## Instructions to follow
Pictures appear in the records below; write out everything else exactly.

## Materials provided
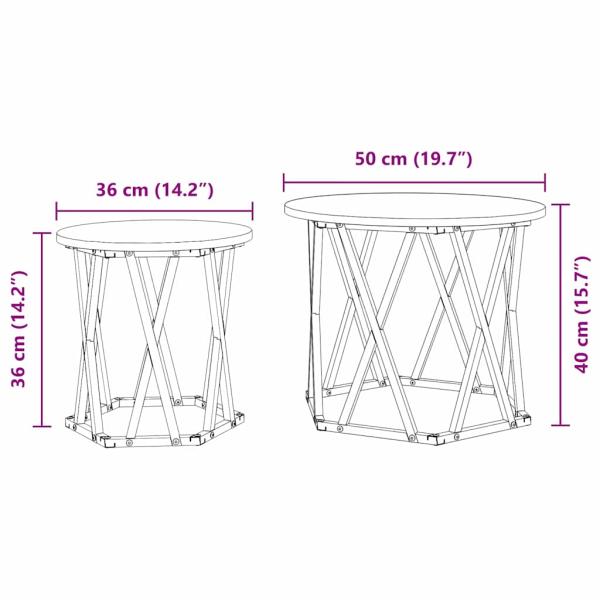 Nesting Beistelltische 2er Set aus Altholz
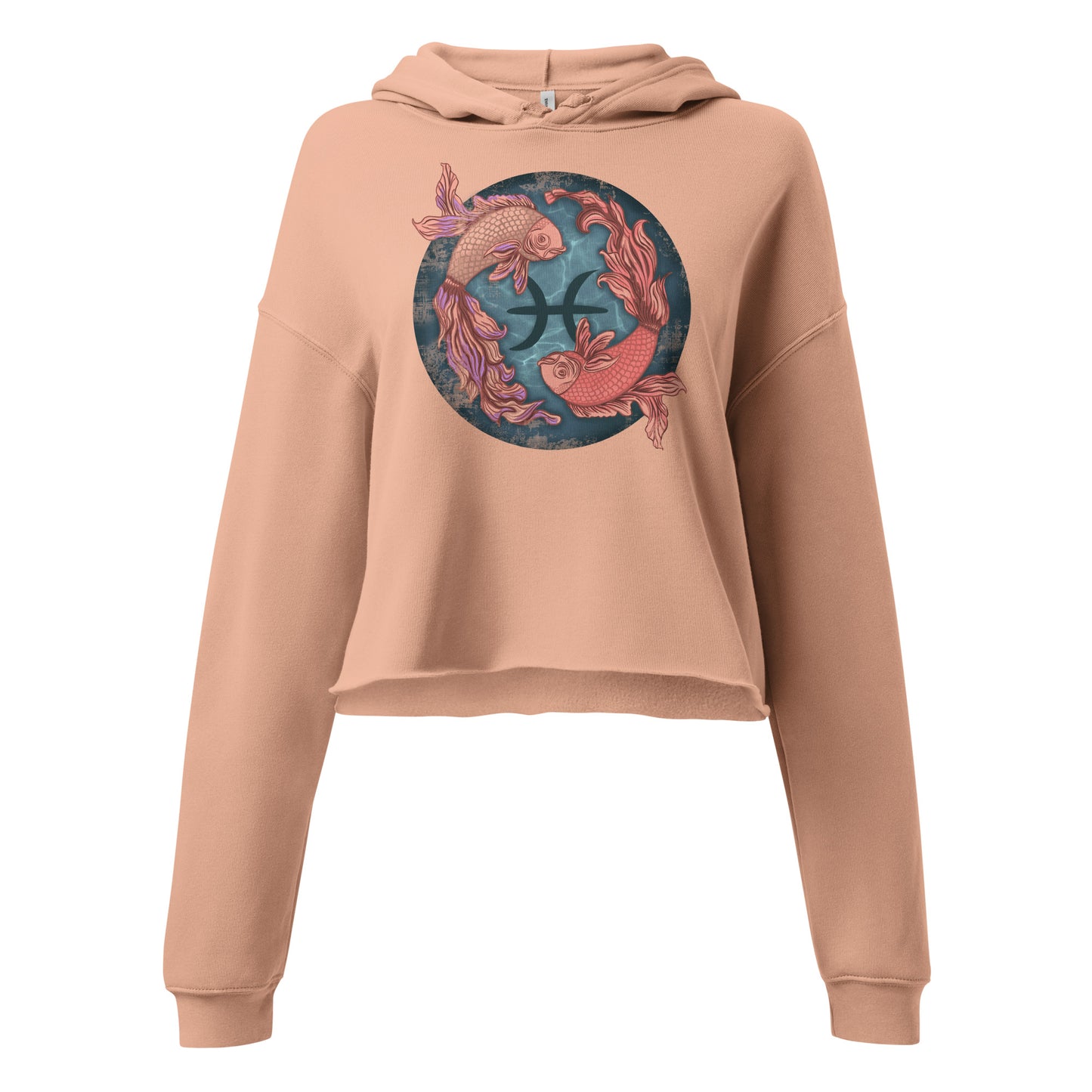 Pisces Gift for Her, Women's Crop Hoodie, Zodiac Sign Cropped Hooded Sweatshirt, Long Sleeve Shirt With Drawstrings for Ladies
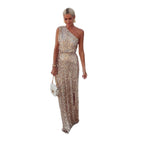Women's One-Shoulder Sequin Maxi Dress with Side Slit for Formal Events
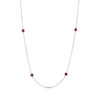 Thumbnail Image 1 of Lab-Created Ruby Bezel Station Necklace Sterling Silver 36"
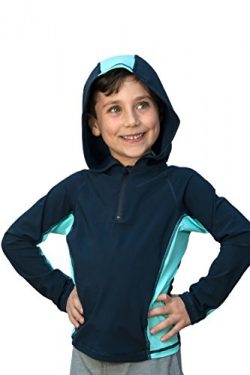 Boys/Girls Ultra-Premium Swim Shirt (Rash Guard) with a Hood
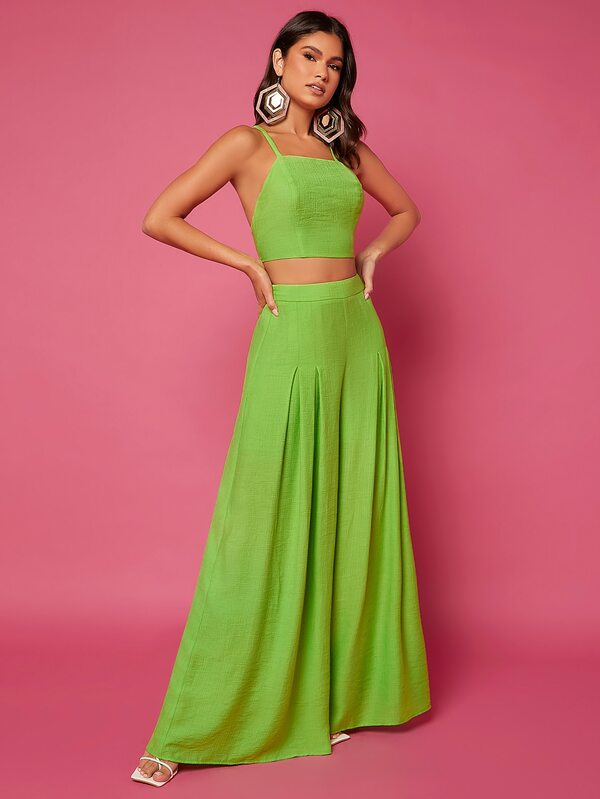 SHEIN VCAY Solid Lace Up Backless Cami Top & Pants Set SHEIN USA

## Solved exercise
 Nesting Beistelltische 2er Set aus Altholz
 Pisces Gift for Her, Women's Crop Hoodie, Zodiac Sign Cropped Hooded Sweatshirt, Long Sleeve Shirt With Drawstrings for Ladies
Women's One-Shoulder Sequin Maxi Dress with Side Slit for Formal Events
 Thumbnail Image 1 of Lab-Created Ruby Bezel Station Necklace Sterling Silver 36"
 Boys/Girls Ultra-Premium Swim Shirt (Rash Guard) with a Hood
 SHEIN VCAY Solid Lace Up Backless Cami Top & Pants Set SHEIN USA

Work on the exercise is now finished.